┌────────

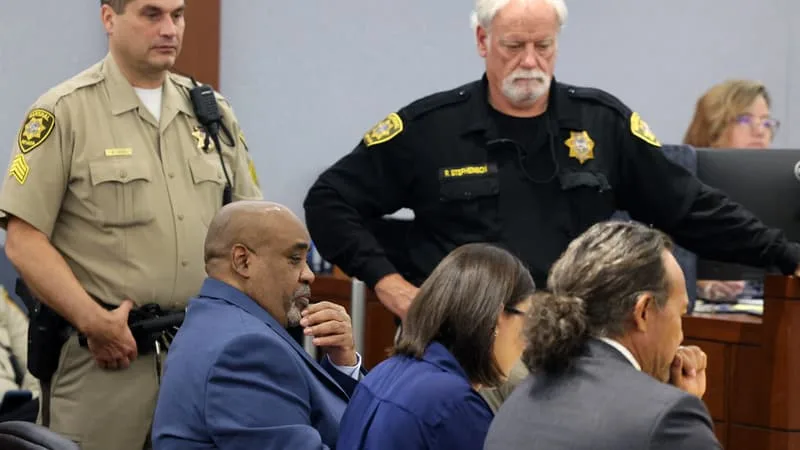 « UNE COLÈRE VISCÉRALE »: AU PROCÈS DU MEURTRE DE TUPAC SHAKUR, L’ACCUSATION ASSURE QUE DUANE DAVIS A TUÉ LE RAPPEUR « PAR VENGEANCE »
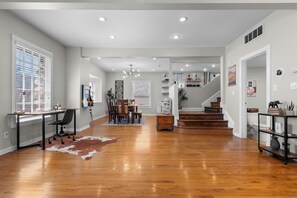 Dining - Spacious 5-Bedroom Home in the Heart of Kansas City Minutes from World Cup Venue (Kansas City)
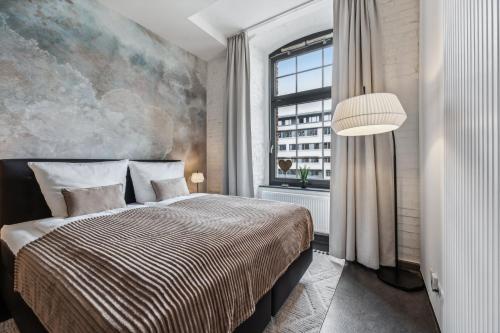 a bedroom with a bed and a large window at Erba Retreat! Barrierefreies, modernes 1-Zimmer-Appartement in optimaler Lage! in Bamberg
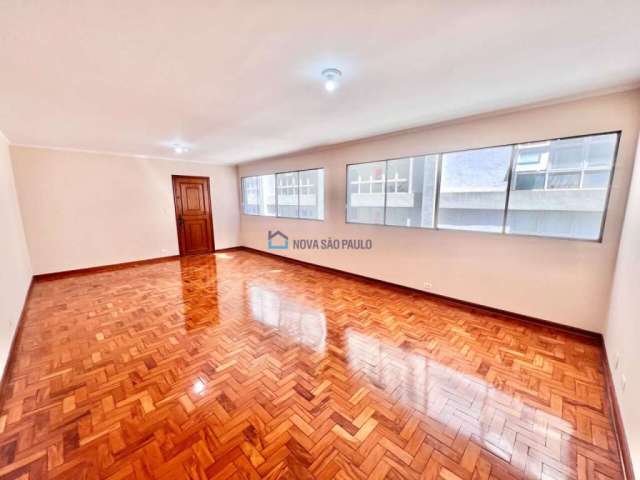 Apartamento|Venda|Jardim Paulista|127m²|3 dormitórios|1 suíte|1 vaga|sacada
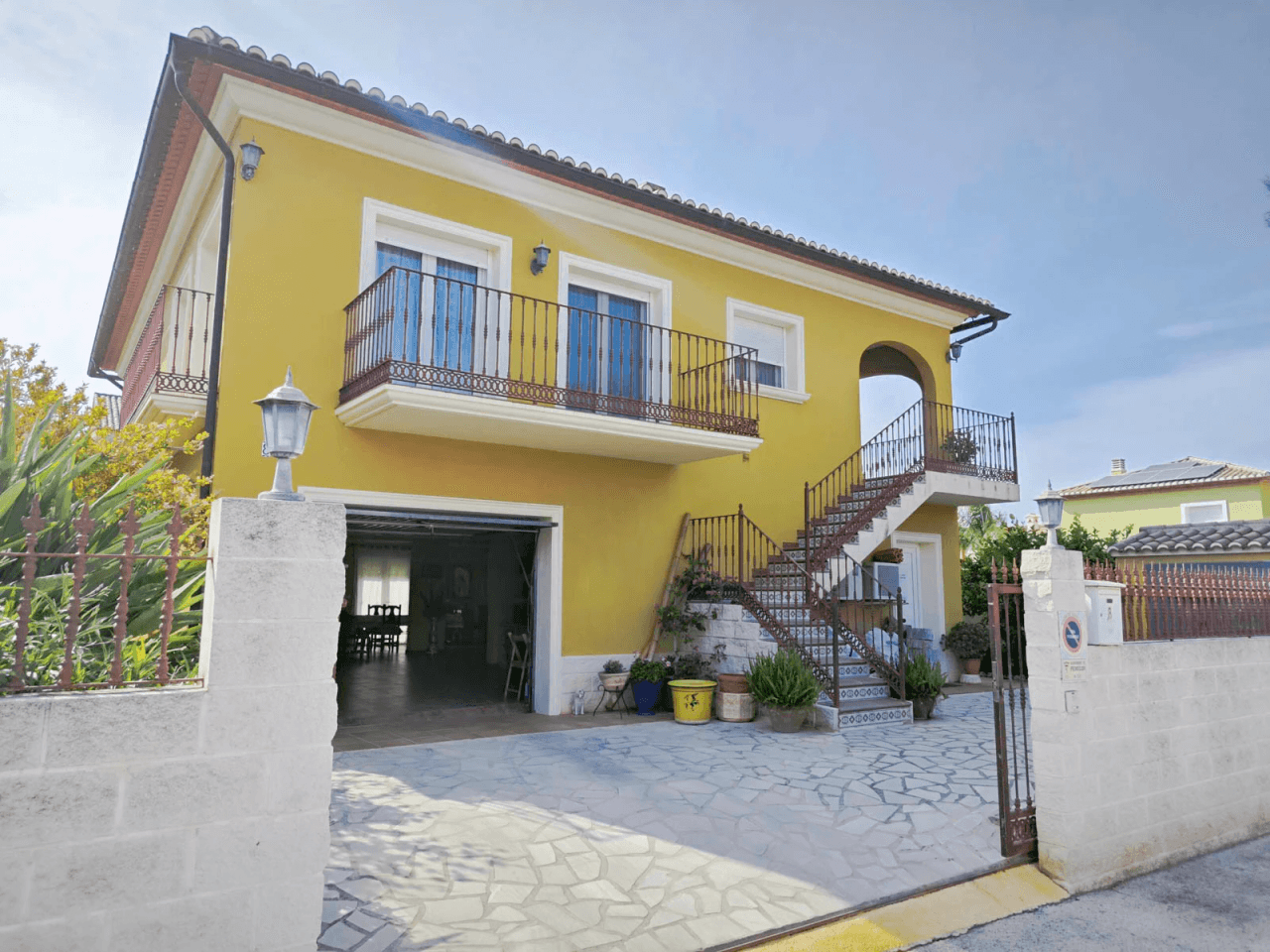 Villa de 270 m2 con piscina en venta en Pedreguer, zona residencial a un paso del centro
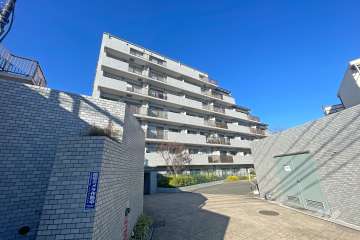 たまプラーザ東パークホームズの外観（南西側から）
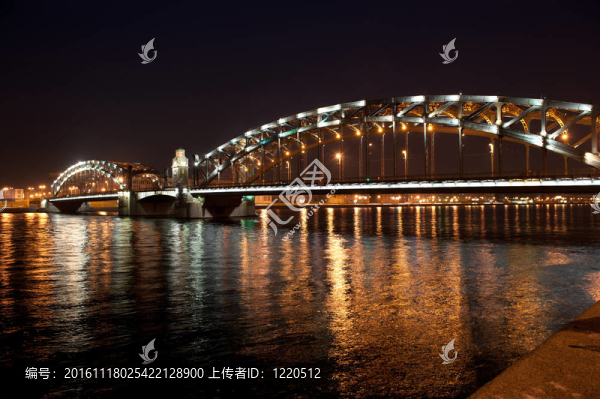 圣彼得堡；Okhtinsky橋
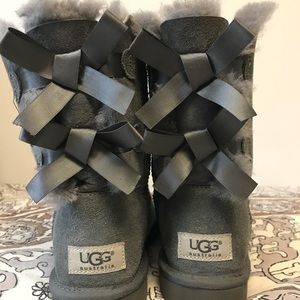 (Size 5) Triple Bow Backed Grey UGGs
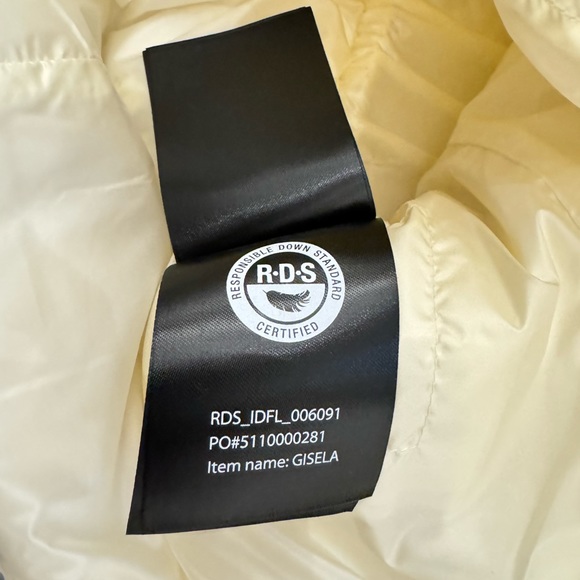 MACKAGE GISELA CREAM XS - BRAND NEW LADIES DOWN VEST - Picture 8 of 8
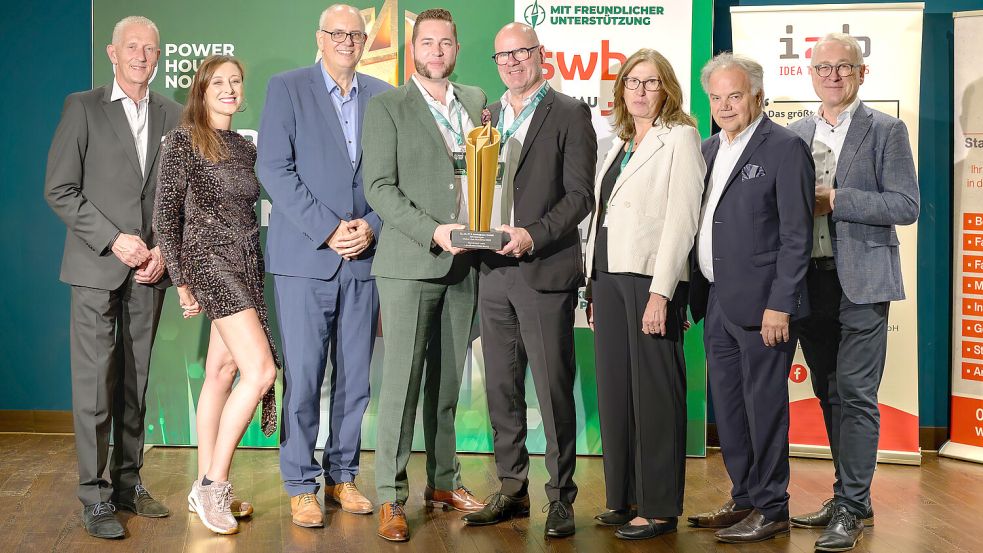 Gute Stimmung im Weserstadion: Moderatorin Annie Heger (zweite von links) mit den Preisträgern Markus Rossol (vierter von links) und Harald Rossol (fünfter von links) von BRM IT & Aerospace mit Sitz in Bremen und Hatten. Foto: Powerhouse Nord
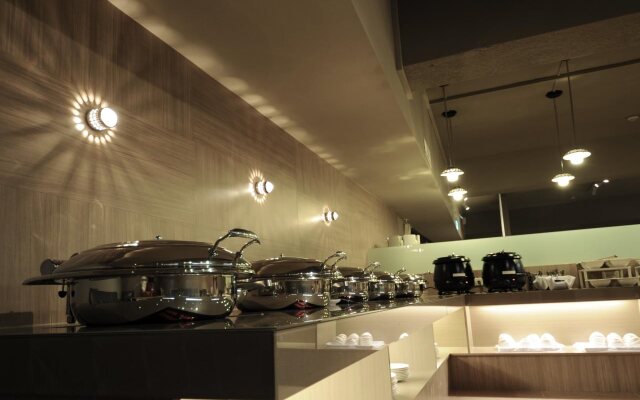 The Riverside Hotel Hengchun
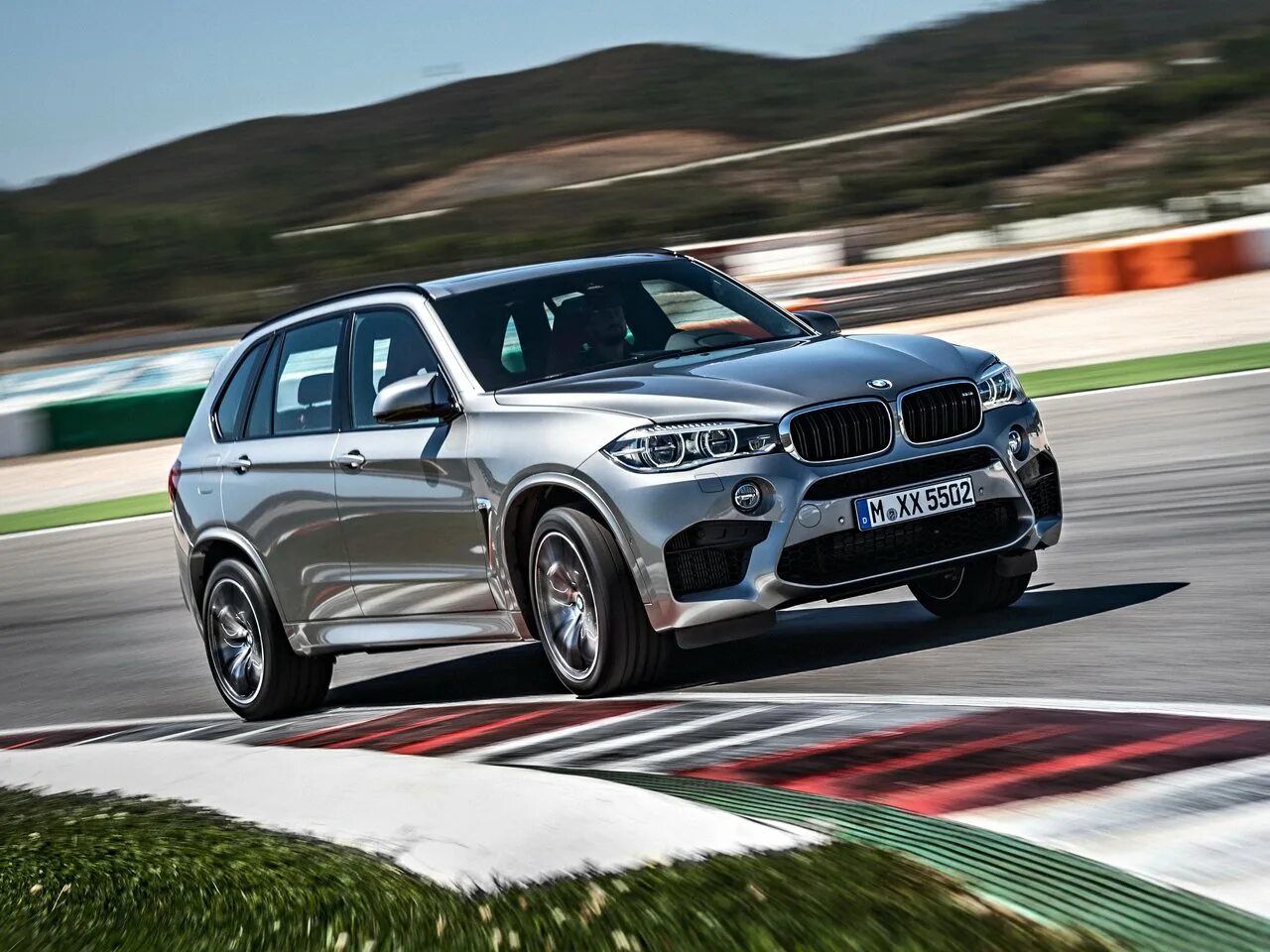 Bmw x5 комплектации. BMW x5m f85. БМВ x5m 2015. BMW x5m f85 2015. BMW x5m 2017.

└────────

▶ [Work to complete] Repeat, with no pictures, each line from the beginning of the data through the line containing "MACKAGE GISELA CREAM", inclusive.

▶ [Written reply]
 « UNE COLÈRE VISCÉRALE »: AU PROCÈS DU MEURTRE DE TUPAC SHAKUR, L’ACCUSATION ASSURE QUE DUANE DAVIS A TUÉ LE RAPPEUR « PAR VENGEANCE »
 Dining - Spacious 5-Bedroom Home in the Heart of Kansas City Minutes from World Cup Venue (Kansas City)
 a bedroom with a bed and a large window at Erba Retreat! Barrierefreies, modernes 1-Zimmer-Appartement in optimaler Lage! in Bamberg
 Apartamento|Venda|Jardim Paulista|127m²|3 dormitórios|1 suíte|1 vaga|sacada
 Villa de 270 m2 con piscina en venta en Pedreguer, zona residencial a un paso del centro
 たまプラーザ東パークホームズの外観（南西側から）
 圣彼得堡；Okhtinsky橋
 (Size 5) Triple Bow Backed Grey UGGs
 MACKAGE GISELA CREAM XS - BRAND NEW LADIES DOWN VEST - Picture 8 of 8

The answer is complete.